Transducers are to Clojure what monads are to Haskell: an almost endless source of inspiration for blog posts and discussions. I've heard and read about transducer in the past, but never got around to taking a real close look for myself. Now that I did take a closer look, I also learned some interesting things about Java's volatile keyword, the Java memory model, and the Java Concurrency Stress tests.

Lazy seqs

Before we look into transducers, let's talk about lazy seqs first. Consider the following expression:

(->> (range)
     (filter even?)
     (drop 5)
     (take 5))

This expression can be read as follows:

start with the (infinite) seq of all natural numbers,
keep only the even numbers,
drop the first five, and
take the following five.

The end result of the expression is a lazy seq containing the numbers 10, 12, 14, 16, and 18. Lazy evaluation is part of the foundation of Clojure. Without lazy evaluation, evaluating expressions like the one above would be impossible. You cannot eagerly construct the set of all natural numbers, because that would take an infinite amount of time and storage space.

Although lazy evaluation is what makes expressions like the one above possible, it also has its downsides. One downside is that each step in the transformation pipeline above leads to an intermediate lazy seq. They are created when calculating the end result and then immediately discarded.

Once the value of a certain element of a lazy seq has been calculated, this value is cached. When working with large lazy seqs while keeping a reference to the final result (either deliberately or by accident), memory use can be significant.
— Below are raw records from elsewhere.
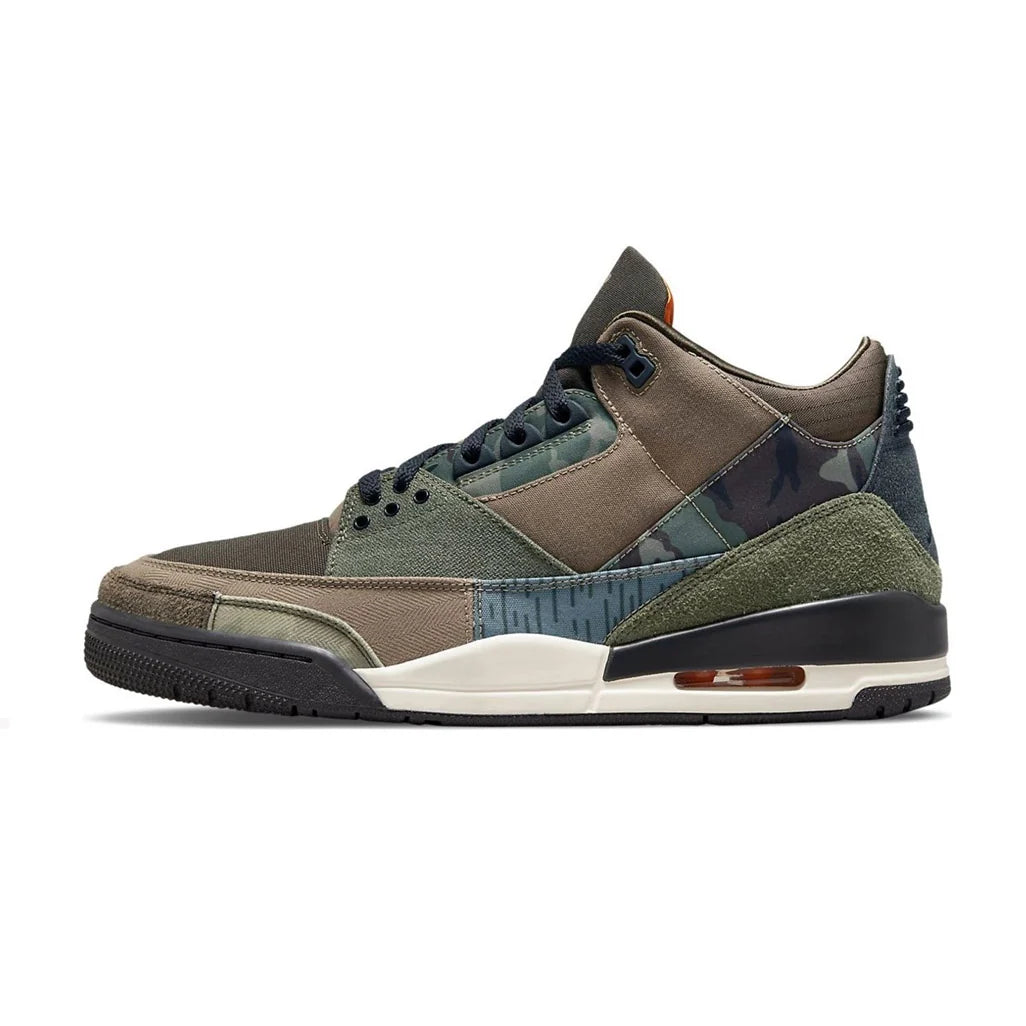 JORDAN AIR JORDAN 3 PATCHWORK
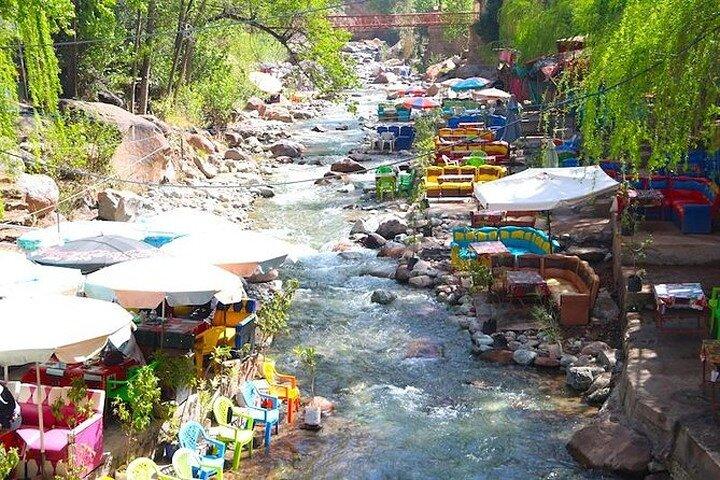 A Half-day Excursion To Ourika Valley
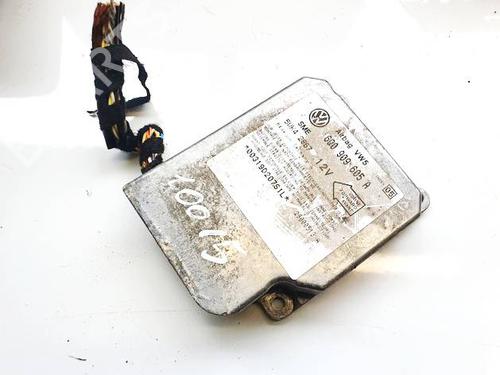 ecu-airbags-vw-polo-6n2-1999-2000-2001-32585558 main image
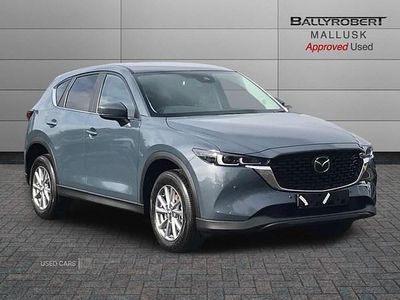 Nouă Mazda CX-5 Center-Line 165 CP (121 kW) 2026 SUV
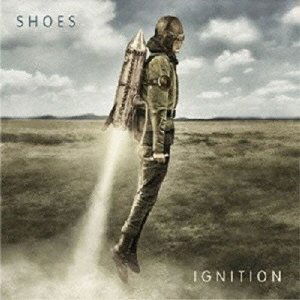 Cover for Shoes · Ignition (CD) [Japan Import edition] (2012)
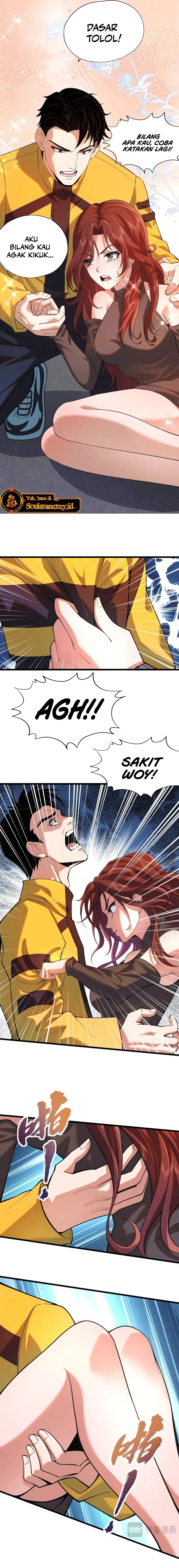 Urban Dragon Revealed Chapter 1 Halaman 26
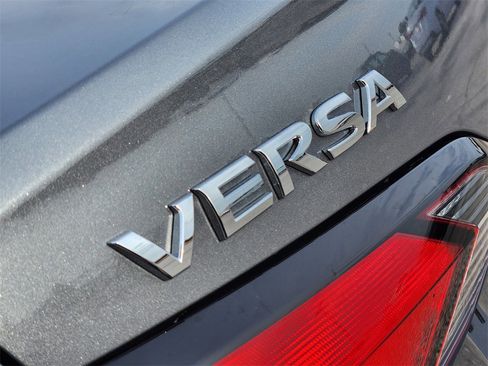 New 2025 Nissan Versa S image 8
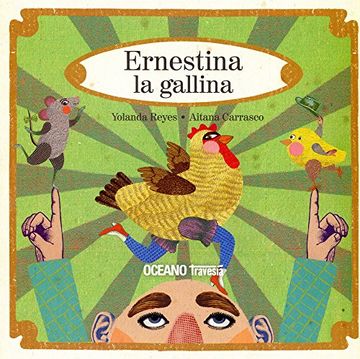 portada Ernestina La Gallina (in Spanish)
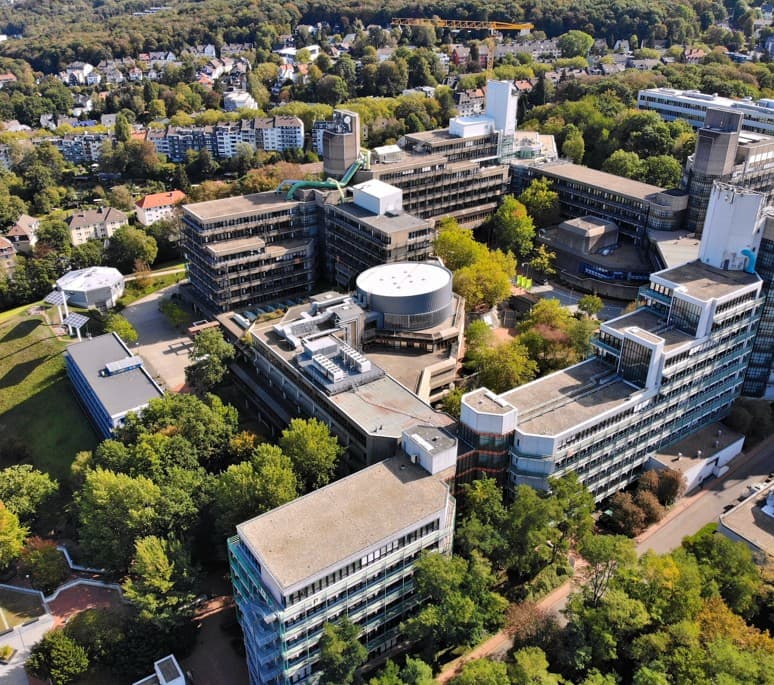 IKEA Wuppertal zu Gast an der Uni Wuppertal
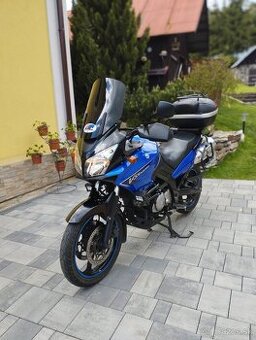 Suzuki V-strom 650 DL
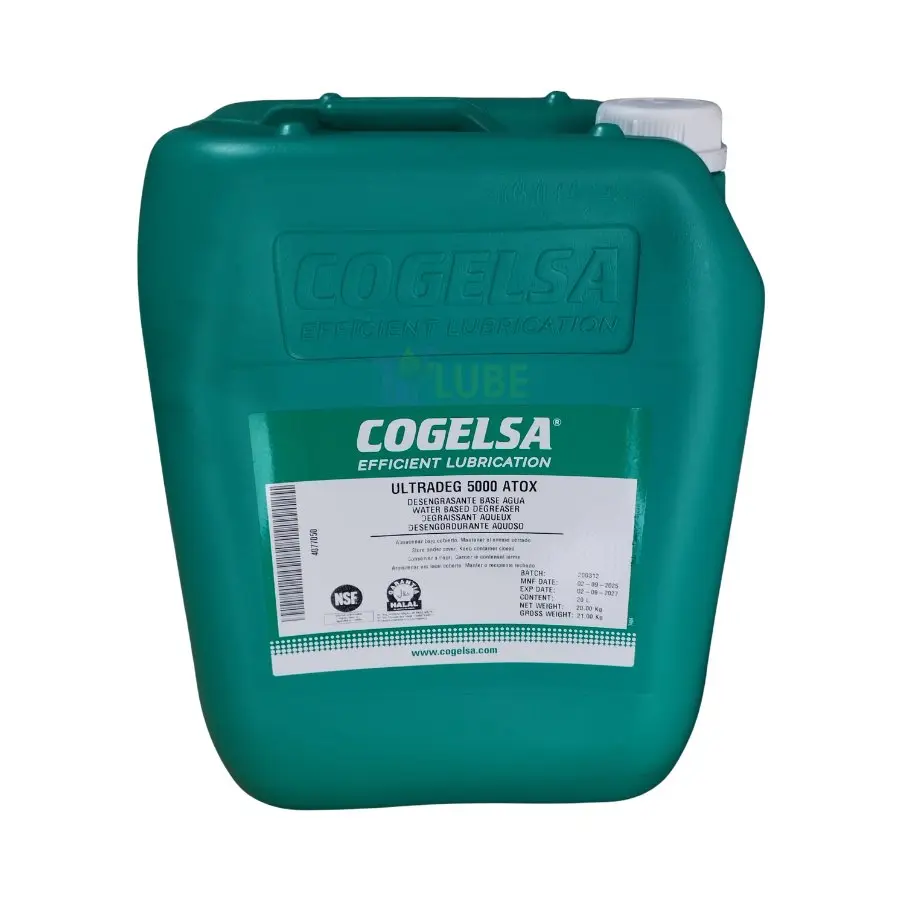 Cogelsa Ultradeg 5000 Atox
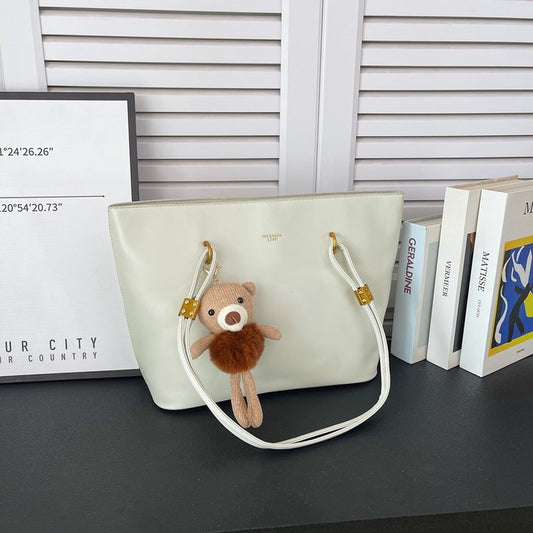 Sac à main Idyl - blanc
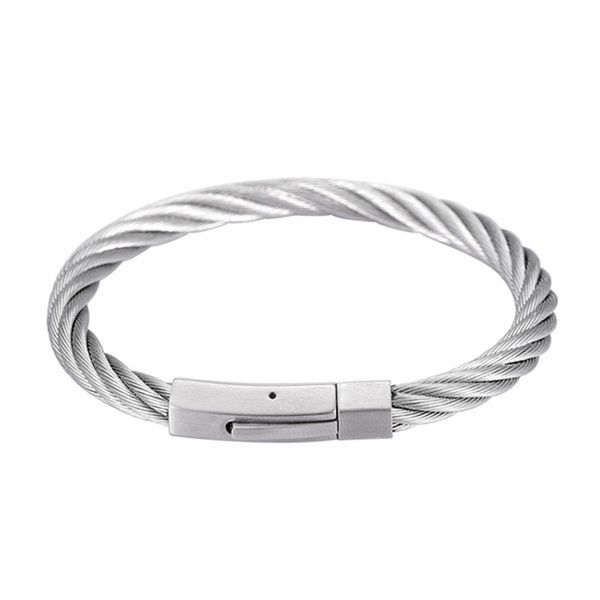 ijb529 whloesale men`s cable bracelet stainless steel stainless steel /black /gold /rose gold 7.5 inches wristband
ijb529 whloesale men`s cable bracelet stainless steel stainless steel /black /gold /rose gold 7.5 inches wristband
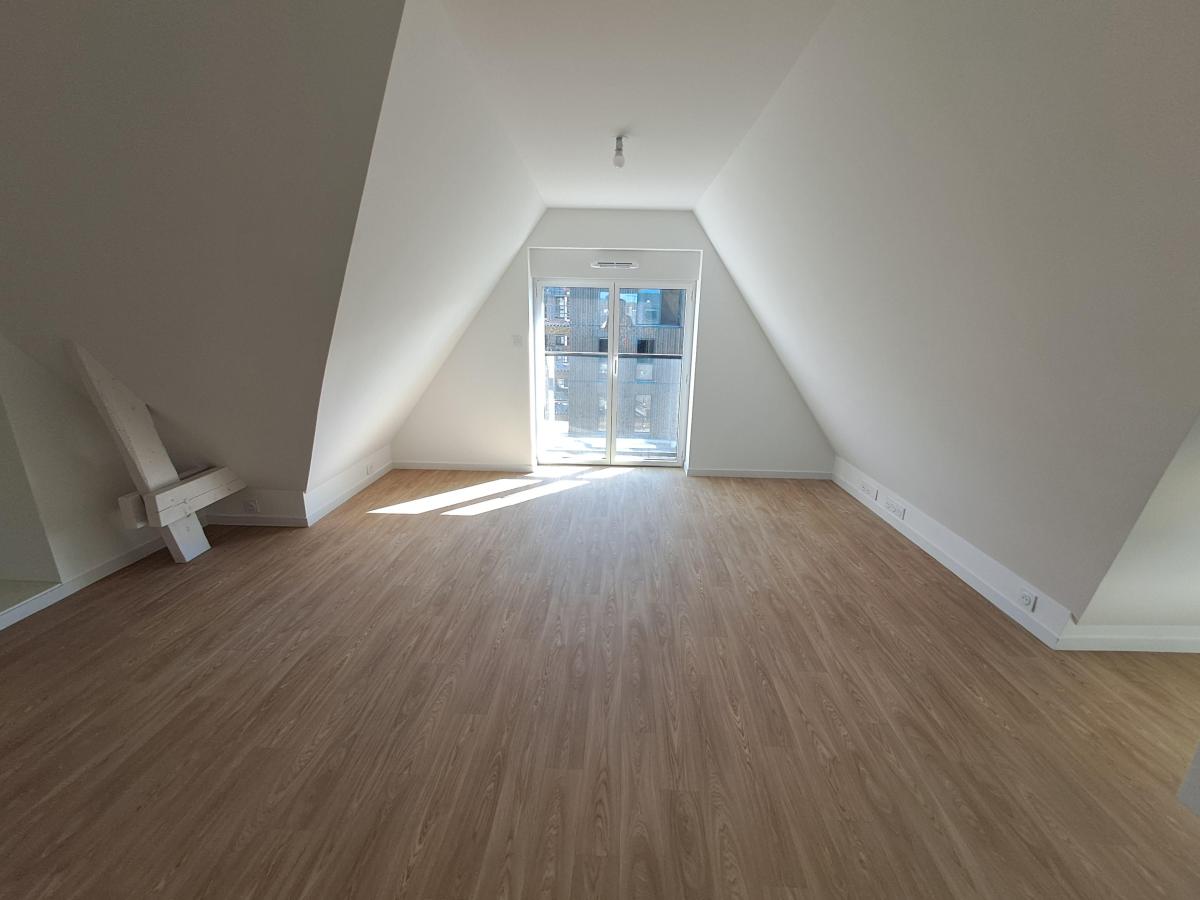2 pièces - 2ème étage - 36m² - 647,30 € - Photo #3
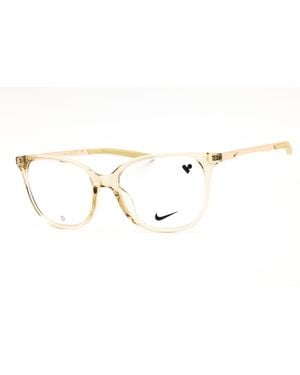Nike Nike Nike7228N Eyeglasses - Black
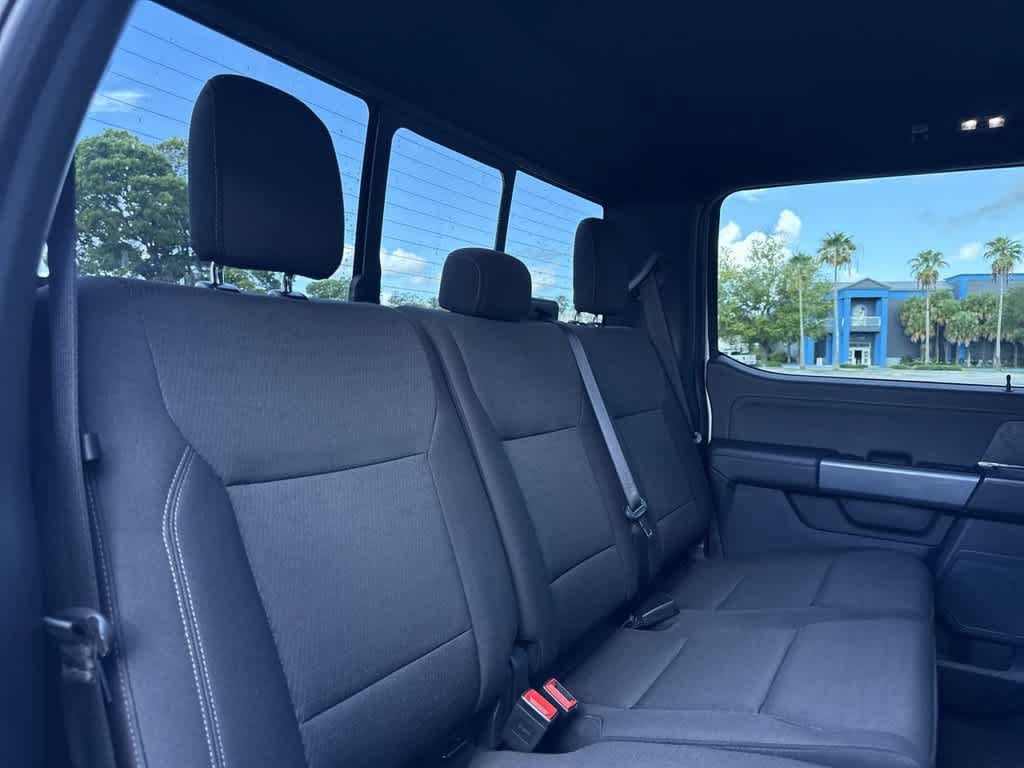 Used 2025 Ford F150 XLT w/ Equipment Group 302A MID AWD/4WD image 26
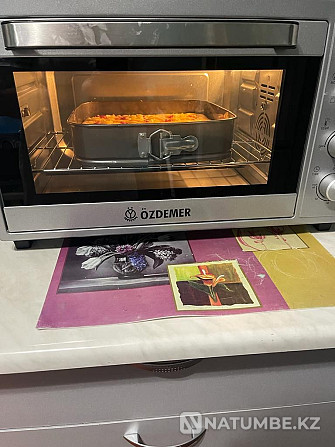 Kitchen appliances Turkish oven Almaty - photo 3
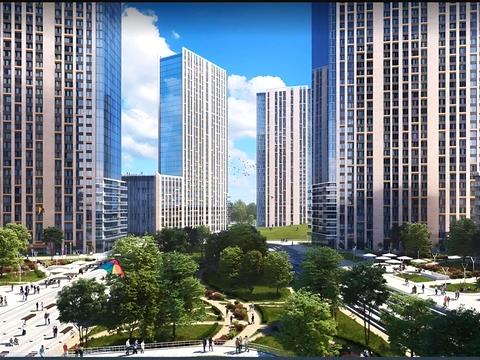 квартира по адресу Академика Заболотного ул., 1-Б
Consider the following expression, for example:

(let [r (range 3e7)]
    [(last r) (first r)])

This expression takes the numbers 0 to 30 million minus one and returns a vector containing the last and first of those numbers. After evaluating (last r), all of these numbers are cached in memory, which takes a large amount of space. Since all but the first number are never used again, this space is wasted. We'll come back to this example below.

Because of these downsides (and more), some say that lazy evaluation should be avoided as much as possible. One way of avoiding lazy evaluation as much as possible would be to default to using transducers.

A first look at transducers

The following example shows an alternative expression for calculating the 6th to 10th even number:

(into []
      (comp
       (filter even?)
       (drop 5)
       (take 5))
      (range))

This example uses a transducer, constructed by composing three other transducers, and returns a vector containing the numbers 10, 12, 14, 16, and 18. This end result is computed eagerly, and no intermediate lazy seqs are created.

Although there are some syntactical similarities between this expression and the one at the start of this post, something completely different is going on. Both this example and the one at the start of this post contain the expressions (filter even?), (drop 5), and (take 5). However, after macro expansion, these syntactical similarities are gone:

(clojure.core/take 5
    (clojure.core/drop 5
        (clojure.core/filter clojure.core/even? (clojure.core/range))))

Once the threading macro ->> is out of the picture, it is clear that the functions filter, drop, and take operate on seqs in the first example. In the example demonstrating transducers, (filter even?), (drop 5), and (take 5) each return a transducer.

It is not hard to imagine what (filter even? [1 2 3]) returns. Imagining what (filter even?) could return and how that could be put to good use is a bit more difficult.

Transducers in terms of reducing functions

A reducing function is a function that takes an intermediate result and a new input, and returns a new result. For example, + is a reducing function that takes an intermediate sum and a new number and returns a new sum. The function conj is also a reducing function, which takes an intermediate collection and a new value and returns a new collection that includes the new value. Generally speaking, reducing functions are used to construct a single value from a number of values, one step at a time. They're used to reduce multiple values into a single value.

Depending on how they're supposed to be used, some reducing functions in Clojure also have to support taking no arguments. For example, because (+) evaluates to 0, (reduce + []) can be evaluated too, and will evaluate to 0.

Clojure's documentation describes transducers as a transformation from one reducing function into another. For that statement to be 100% correct, an additional requirement for reducing functions is needed. Apart from accepting no arguments or two arguments, they should also accept a single argument.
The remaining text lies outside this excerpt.